Work task
Leave out the pictures and print the rest of the entries exactly as they stand.

Record excerpts
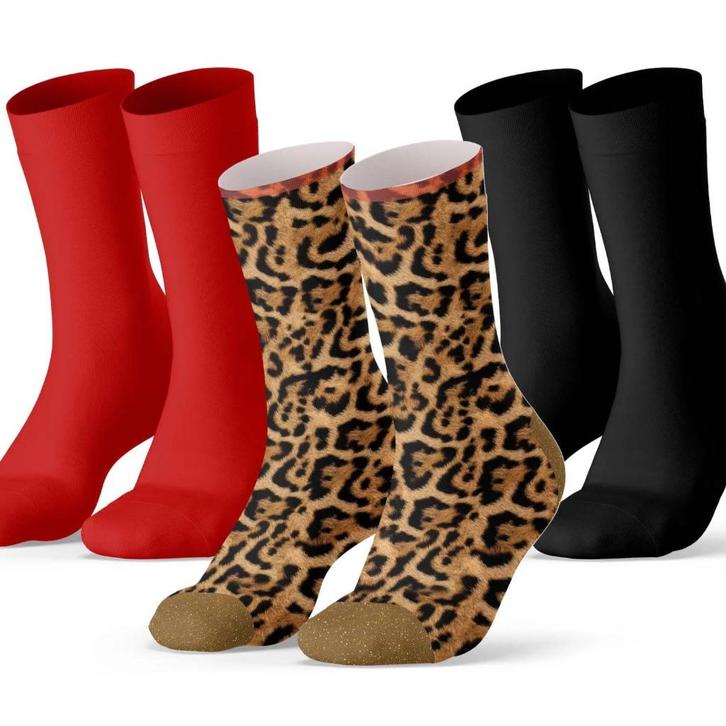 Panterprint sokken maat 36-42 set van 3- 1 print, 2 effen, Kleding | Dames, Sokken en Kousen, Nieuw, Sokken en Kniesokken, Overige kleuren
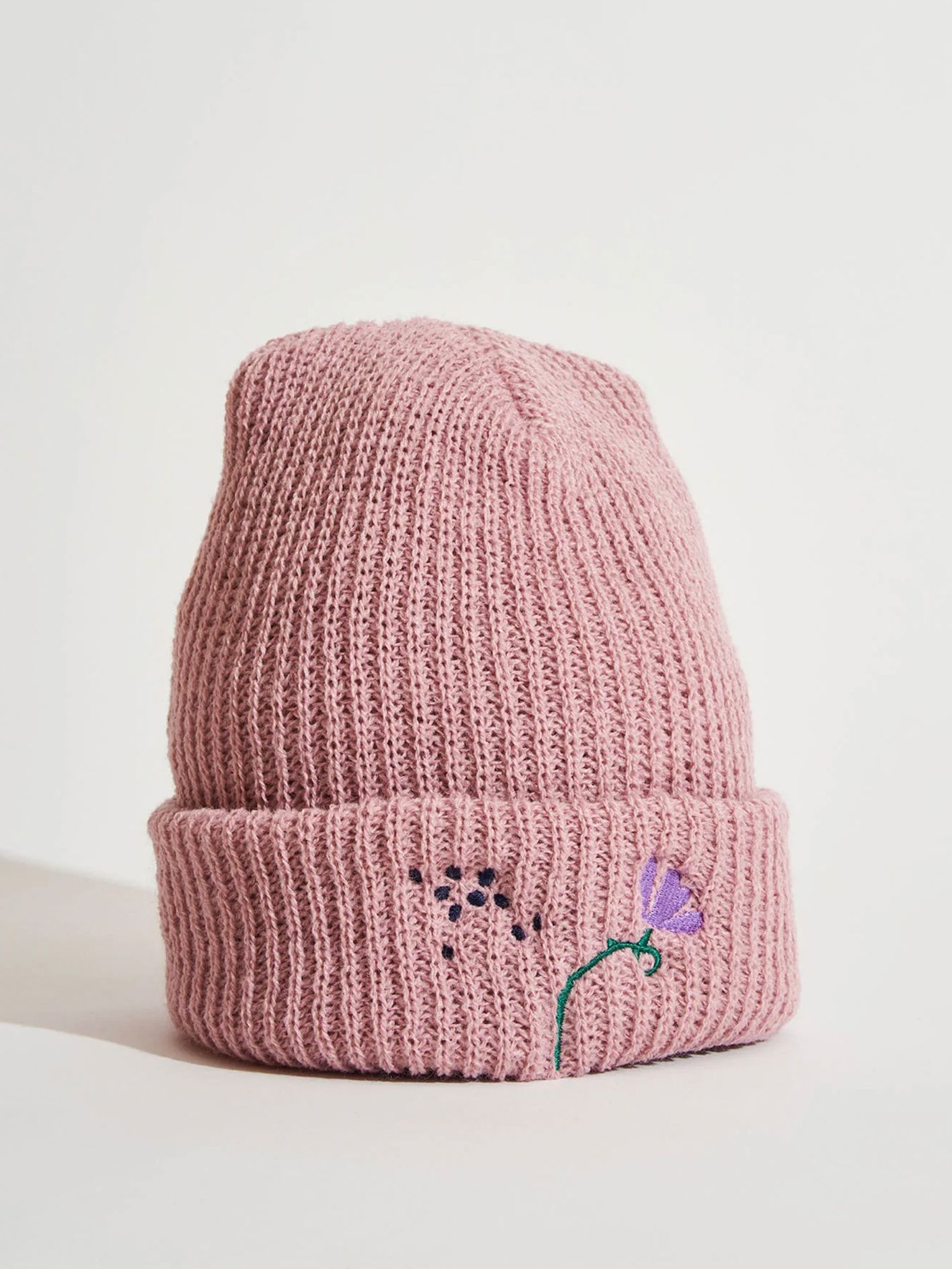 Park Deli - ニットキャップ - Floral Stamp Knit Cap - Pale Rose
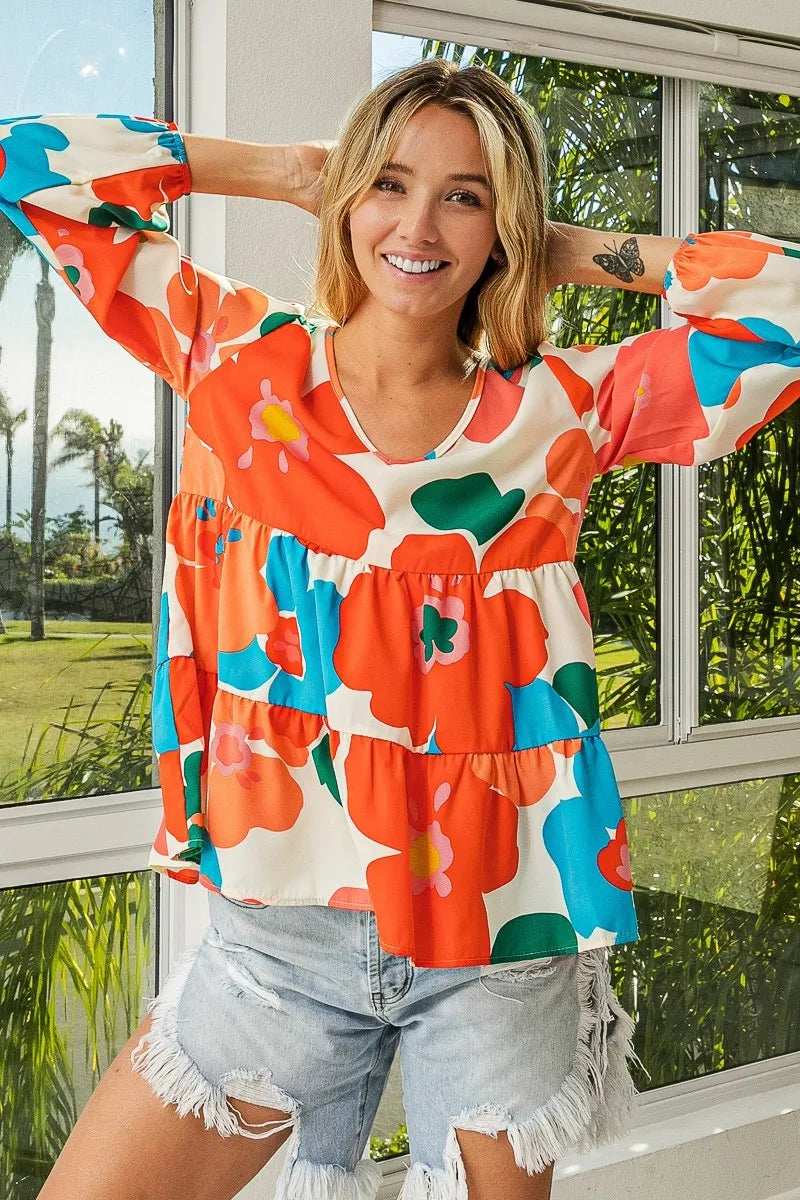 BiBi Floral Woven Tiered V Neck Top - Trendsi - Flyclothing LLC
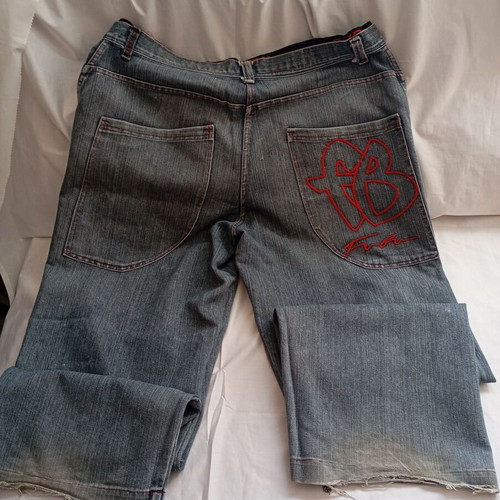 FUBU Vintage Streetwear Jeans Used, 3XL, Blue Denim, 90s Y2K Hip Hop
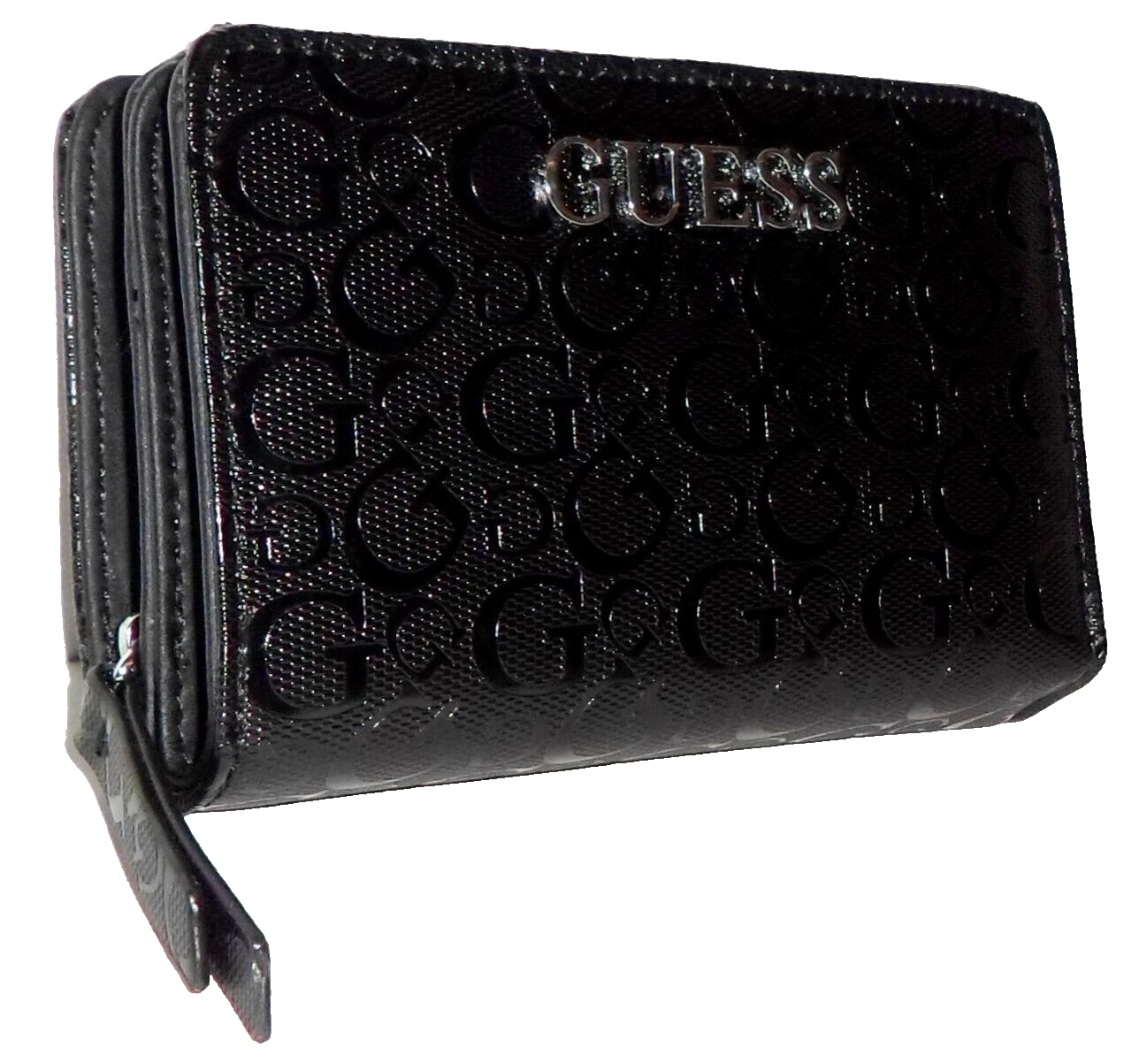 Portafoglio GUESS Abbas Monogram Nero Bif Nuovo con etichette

Task solution
 Panterprint sokken maat 36-42 set van 3- 1 print, 2 effen, Kleding | Dames, Sokken en Kousen, Nieuw, Sokken en Kniesokken, Overige kleuren
 Park Deli - ニットキャップ - Floral Stamp Knit Cap - Pale Rose
 BiBi Floral Woven Tiered V Neck Top - Trendsi - Flyclothing LLC
 FUBU Vintage Streetwear Jeans Used, 3XL, Blue Denim, 90s Y2K Hip Hop
 Portafoglio GUESS Abbas Monogram Nero Bif Nuovo con etichette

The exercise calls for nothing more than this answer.